(Records for the exercise Opens)

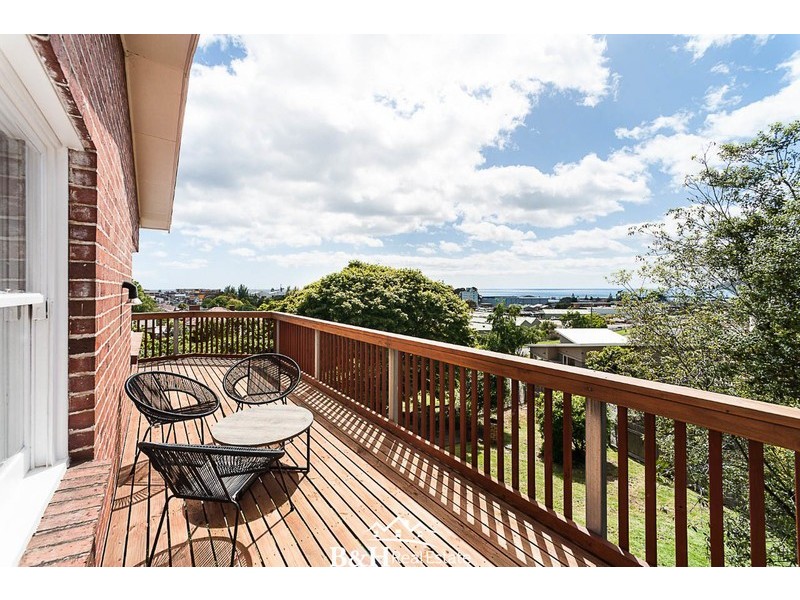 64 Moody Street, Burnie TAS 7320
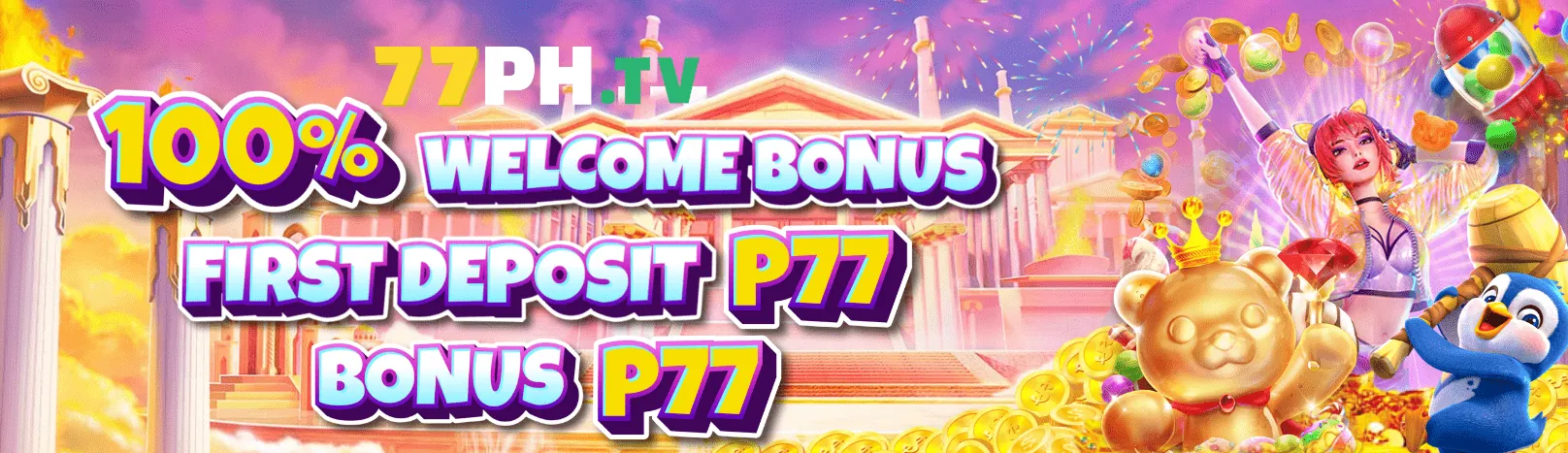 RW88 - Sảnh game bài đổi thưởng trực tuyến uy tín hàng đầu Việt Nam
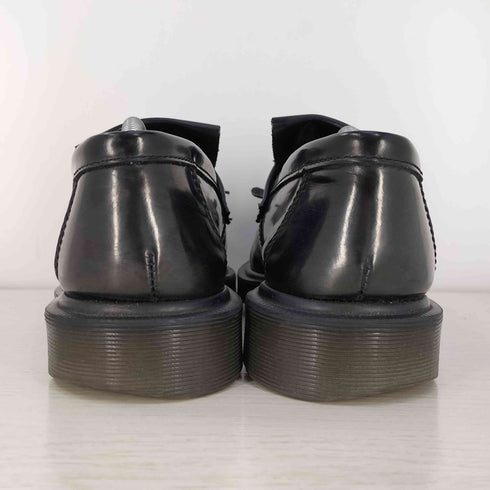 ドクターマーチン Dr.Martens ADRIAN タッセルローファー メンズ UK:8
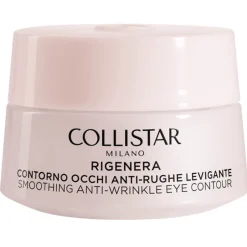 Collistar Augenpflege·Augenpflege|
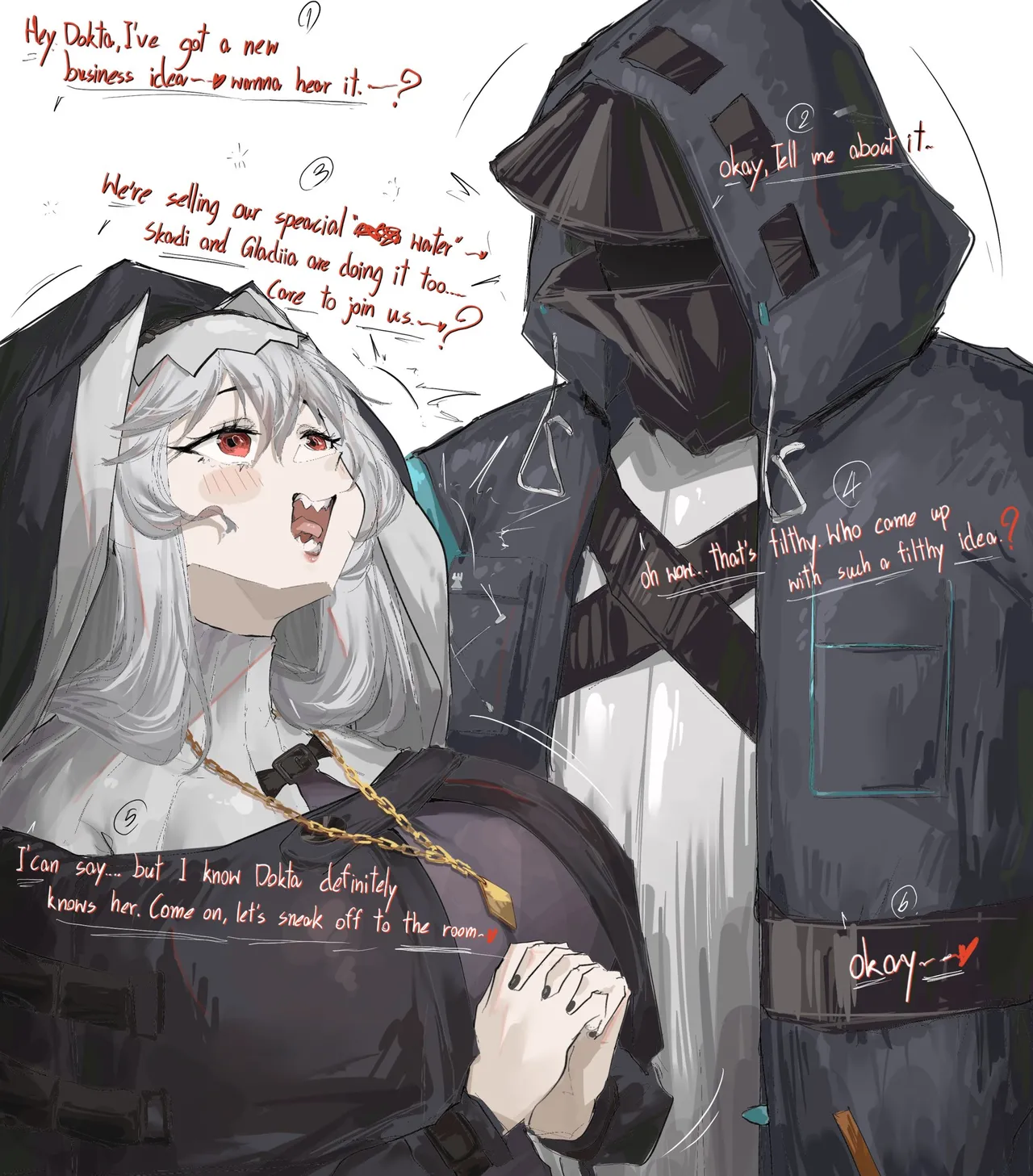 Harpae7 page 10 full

(Records for the exercise Closes)

**Assignment:** In transcribing the lines above, omit the images and keep all else exact.

**Response box:**
 64 Moody Street, Burnie TAS 7320
 RW88 - Sảnh game bài đổi thưởng trực tuyến uy tín hàng đầu Việt Nam
 ドクターマーチン Dr.Martens ADRIAN タッセルローファー メンズ UK:8
 Collistar Augenpflege·Augenpflege|
 Harpae7 page 10 full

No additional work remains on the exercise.